US 11,900,169 B1
Inference flow orchestration service
Anand Dhandhania, Seattle, WA (US); and Thomas Loockx, Issaquah, WA (US)
Assigned to Amazon Technologies, Inc., Seattle, WA (US)
Filed by Amazon Technologies, Inc., Seattle, WA (US)
Filed on Apr. 14, 2021, as Appl. No. 17/230,784.
Int. Cl. G06F 9/46 (2006.01); G06F 9/50 (2006.01); G06F 16/901 (2019.01); G06N 20/00 (2019.01)

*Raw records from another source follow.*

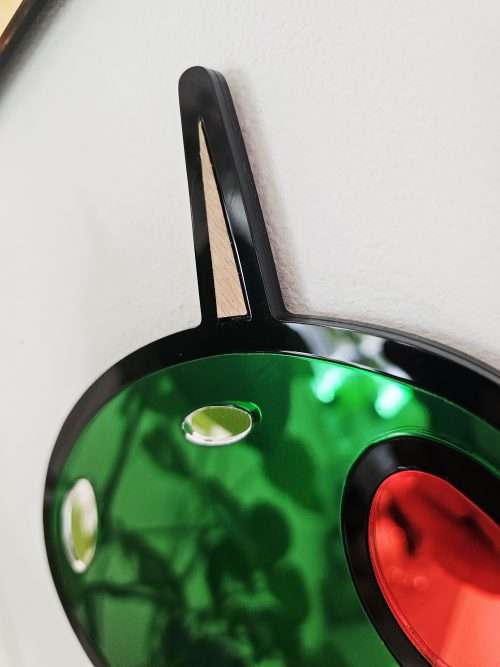 Mirrored wall art in the shape of olives on a cocktail stick.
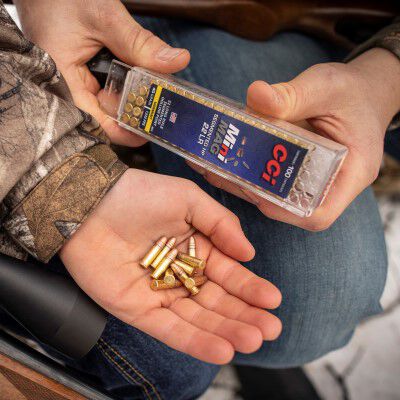 hunter holding MiniMag 22LR rounds in his hand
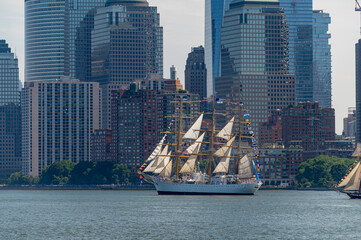 USCGC Eagle sails beneath Lower Manhattan skyscrapers on July 4. Vertical telephoto view places the tall ship below glass towers, brick buildings and waterfront trees. © white78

CPC G06F 9/505 (2013.01) [G06F 16/9024 (2019.01); G06N 20/00 (2019.01)] 20 Claims
OG exemplary drawing
 
1. A system, comprising:
one or more computing devices;
wherein the one or more computing devices include instructions that upon execution on or across the one or more computing devices cause the one or more computing devices to:
obtain, via one or more programmatic interfaces, respective descriptors of a plurality of machine learning tasks to be run to respond to a content analysis request of a first type, wherein individual ones of the respective descriptors indicate (a) program code of a machine learning task, (b) one or more metrics to be collected with respect to the machine learning task, (c) one or more categories of runtime environments for executing the machine learning task, and (d) one or more retry criteria for the machine learning task;
store a graph representation of the plurality of machine learning tasks, wherein the graph comprises a plurality of nodes and a plurality of edges, wherein a first node of the plurality of nodes represents a first machine learning task, wherein a second node of the plurality of nodes represents a second machine learning task, and wherein an edge linking the first node to the second node indicates that an output data type of the first node is compatible with an input data type of the second node;
in response to determining that a particular content analysis request of the first type has been received,
cause an orchestrator comprising one or more threads of execution to: (a) obtain a respective result from individual ones of the plurality of machine learning tasks, wherein a particular runtime environment at which an individual machine learning task is executed belongs to a category of the one or more categories indicated in the descriptor of the individual machine learning task, (b) in response to determining that a result of a particular machine learning task of the plurality of machine learning tasks satisfies a retry criterion indicated in the descriptor of the particular machine learning task, cause the particular machine learning task to be re-executed, (c) identify one or more machine learning tasks to which a result of the particular machine learning task is to be provided as input, (d) transmit the result of the particular machine learning task as input to individual ones of the one or more machine learning tasks, and (e) cause a response to the particular content analysis request to be transmitted to one or more destinations, wherein the response comprises results of at least some machine learning tasks of the plurality of machine learning tasks; and
cause to be presented, via the one or more programmatic interfaces, (a) a visual representation of the graph, indicating respective categories of runtime environments utilized for individual ones of the plurality of machine learning tasks, (b) one or more metrics indicated in the descriptors of individual ones of the plurality of machine learning tasks and (c) one or more retry statistics indicative of a number of re-executions of individual ones of the machine learning tasks in accordance with respective retry criteria.